### Extracted information
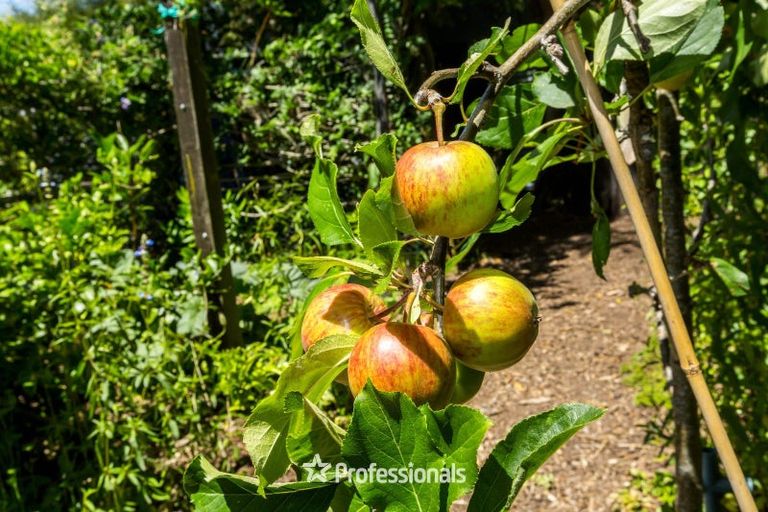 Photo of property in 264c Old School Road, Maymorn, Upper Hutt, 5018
---
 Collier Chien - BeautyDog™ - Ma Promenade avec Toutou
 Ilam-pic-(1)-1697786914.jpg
==
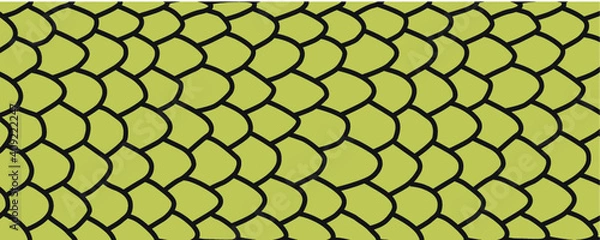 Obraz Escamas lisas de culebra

### Work order
Reproducing the whole listing above is not the task. Copy exactly only the lines from the one with "Collier Chien - BeautyDog™" to the one with "Ilam-pic-(1)-1697786914.jpg", both kept.

### Result
 Collier Chien - BeautyDog™ - Ma Promenade avec Toutou
 Ilam-pic-(1)-1697786914.jpg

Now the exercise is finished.